A high number of n_dead_tup or percent_dead_tuples likely means our autovacuum is not running often enough on this table. This can cause queries and indexes to be less effective and slower, the solution is to usually autovacuum more frequently. The rest of the columns in the table can also help with identifying where to look next:

SELECT
  schemaname,
  relname,
  seq_scan,
  seq_tup_read,
  idx_scan,
  idx_tup_fetch,
  n_tup_ins,
  n_tup_upd,
  n_tup_del,
  n_tup_hot_upd,
  n_mod_since_analyze,
  last_vacuum,
  last_autovacuum,
  last_analyze,
  last_autoanalyze,
  vacuum_count,
  autoanalyze_count,
  autovacuum_count
FROM pg_stat_user_tables;

Some common issues:

  • Infrequent vacuums or analyzes. last_autovacuum and last_autoanalyze will tell you if a table has not been vacuumed or analyzed recently. Likely the case for tables with large n_dead_tup. Can also be paired with autovacuum_count and autoanalyze_count to see if it is running frequently
  • Missing indexes. From high seq_scan and low idx_scan. For healthy indexes we want most of our reads to not be coming from seq scans. There are some cases where you can sequentially walk the whole table without a problem (e.g. SELECT * FROM table_with_10_rows needs no index)
  • Not performing hot updates. On high usage tables with low n_tup_hot_upd. With lots of updates, there are big performance improvements for more hot tuple updates. The fix here might live in the application on determining how to group affected rows together more easily

The opposite of a missing index could be too many indexes slowing down updates. If an index has a low hit rate, we are doing an extra index update without any of the benefits.

Missing index?

SELECT
  schemaname,
  relname,
  indexrelname,
  idx_scan
FROM pg_stat_user_indexes

Another potential issue is autovacuum is running but just taking too long.

Slow vacuum?

SELECT
  datname,
  usename,
  pid,
  state,
  wait_event,
  current_timestamp - xact_start AS xact_runtime,
  query
FROM pg_stat_activity
WHERE upper(query) LIKE '%VACUUM%'
ORDER BY xact_start;

At the database level, the vacuum needs periodically run to clean up transaction ids for postgres to continue running. If you want to check this value before it gets too large (~2 billion):

SELECT max(age(datfrozenxid)) FROM pg_database;

There is a good article from amazon on setting up alarms to monitor this in AWS. If it is climbing or triggers an alarm we can narrow down the area if there are multiple databases:

SELECT
  datname,
  age(datfrozenxid) AS frozen_age,
  age(datfrozenxid)::decimal / 1000000000 AS frozen_age_percent
FROM pg_database
ORDER BY frozen_age desc limit 20;

Disk space

pg_stat_database stores database-wide statistics, and we will be looking at pg_catalog for table-level statistics.
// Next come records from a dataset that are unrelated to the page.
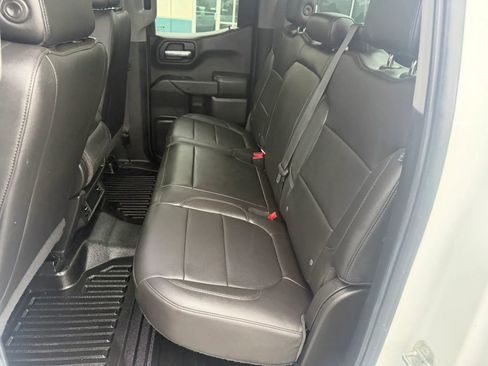 Used 2020 Chevrolet Silverado 1500 W/T w/ WT Fleet Convenience Package AWD/4WD image 4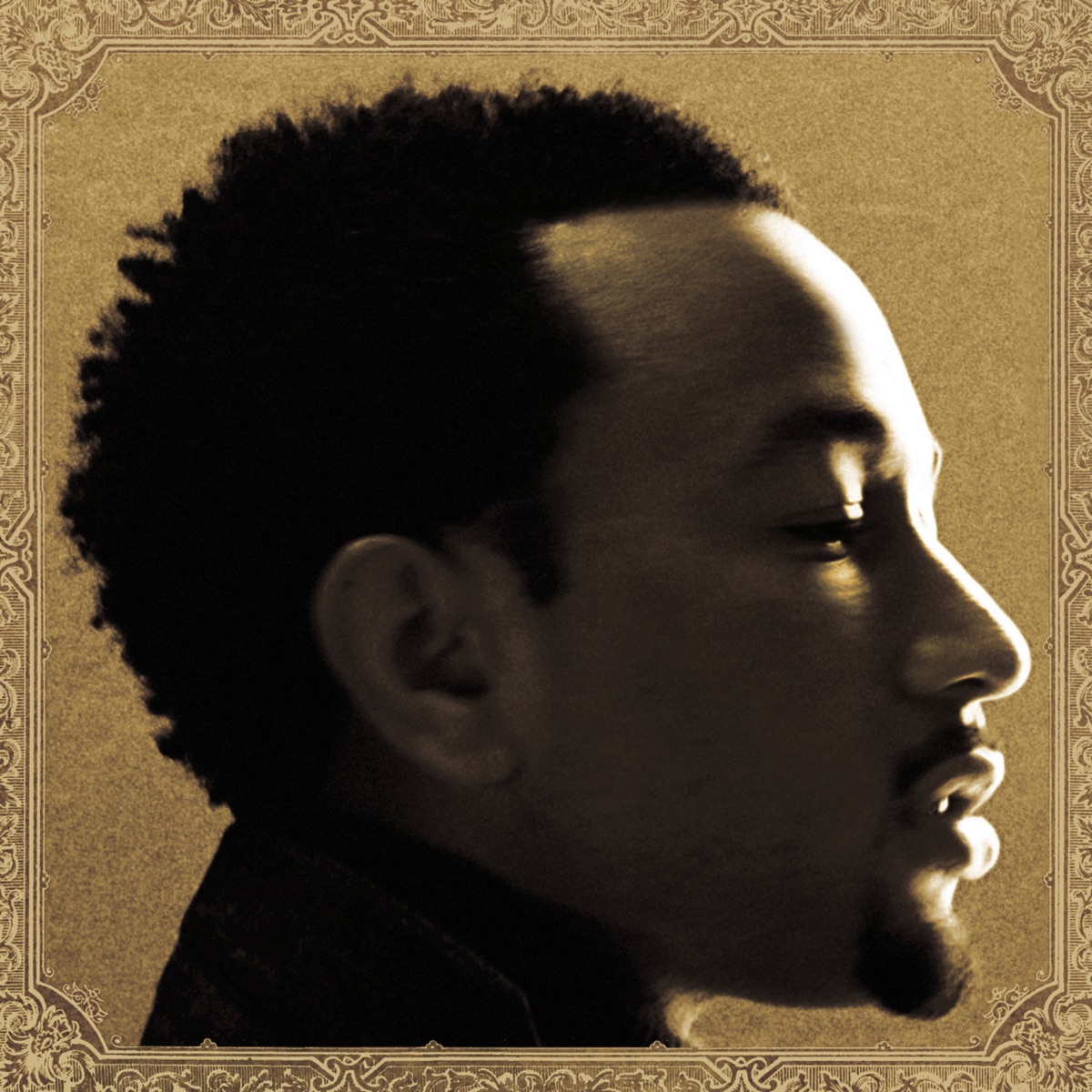 Обложка John Legend — Get Lifted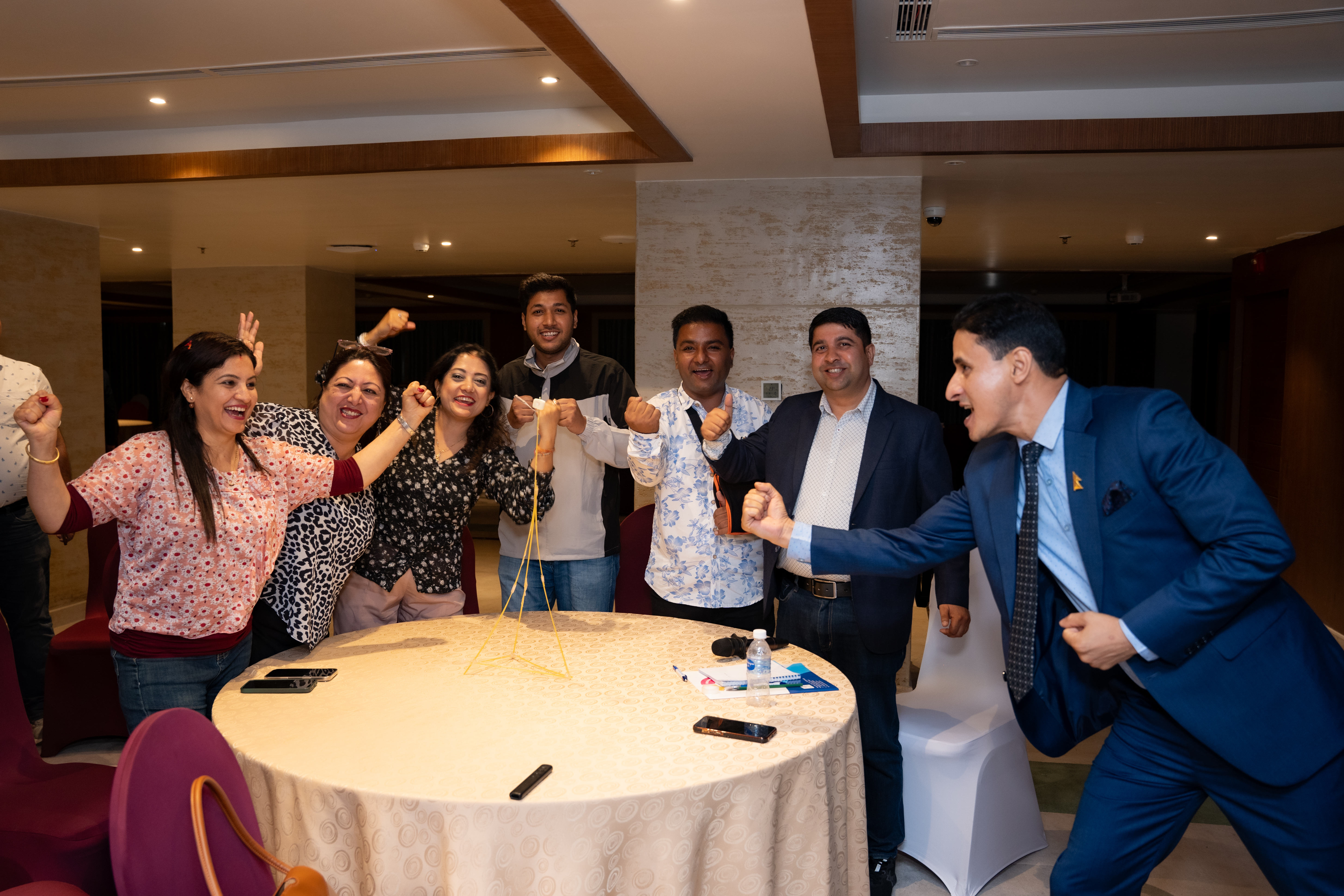 Communicate to connect 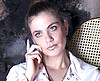  Sabrina Ricci en commerciale attentionn�e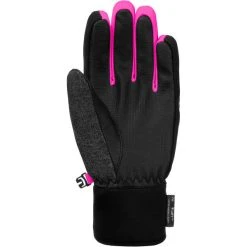 REUSCH SIMON R-TEX XT JR BLCK MEL/BLCK/VERY BERRY 23 7 REUSCH SIMON R-TEX XT JR BLCK MEL/BLCK/VERY BERRY 23 -Dainese shop 9 113056 simon r tex xt jr blck mel blck very berry 6261210 7012 03
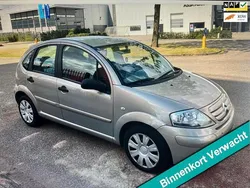 Beige Gebruikt 2006 Citroën C3 Hatchback | € 3.250 (Eerlijke prijs)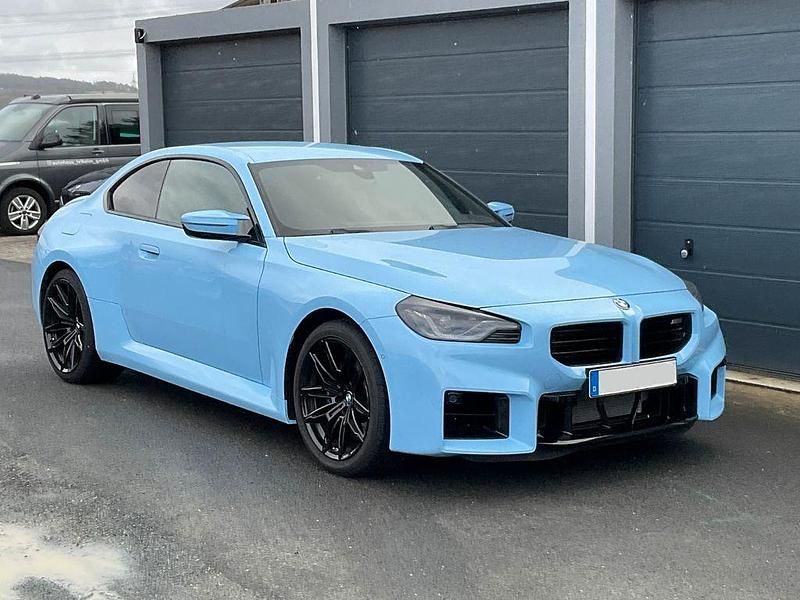 Gebraucht BMW M2 Performance 480 PS (353 kW) 2025 Blau Coupé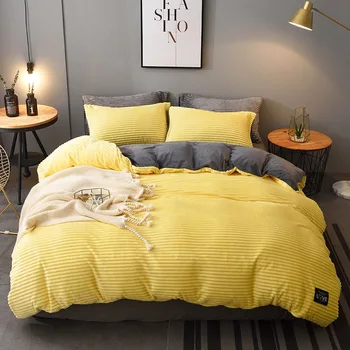 

Printed Solid bedding sets Home Bedding Set High Quality Lovely Pattern with Star tree flower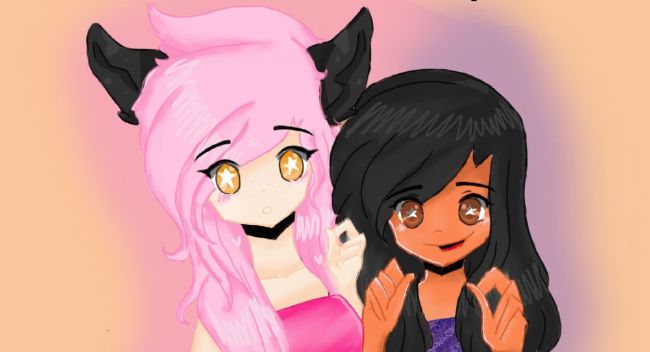 Aphmau At The Park.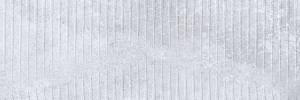 Керамическая плитка Ibero Ethereal Art White Rect 30x90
Do we have a disk space problem? Let’s work from the top down.

Database size?

We can get our current_database() and check there are no size surprises:

SELECT pg_size_pretty(pg_database_size(current_database()));

Table size?

Using pg_catalog.pg_stat_user_tables from tracking down table-level index issues, but this time for disk space:

SELECT schemaname AS table_schema,
  relname AS table_name,
  pg_size_pretty(pg_relation_size(relid)) AS data_size
FROM pg_catalog.pg_stat_user_tables
ORDER BY pg_relation_size(relid) desc;

Index size?

Using pg_catalog.pg_stat_user_indexes from index investigation, but now for disk space:

SELECT schemaname AS table_schema,
  relname AS table_name,
  indexrelname AS index_name,
  idx_scan AS id_scans,
  pg_size_pretty(pg_relation_size(relid)) AS data_size
FROM pg_catalog.pg_stat_user_indexes
ORDER BY pg_relation_size(relid) DESC;

Disk space issues might be coming from temporary files. When Postgres attempts to sort a very large set without sufficient memory it uses temp files. A query like SELECT * FROM large_table ORDER BY column_with_no_index will try loading the dataset into memory to sort and then use disk:

SELECT datname, temp_files, temp_bytes
FROM pg_stat_database ;

Hopefully, some of this helps, let me know if there are any others you use!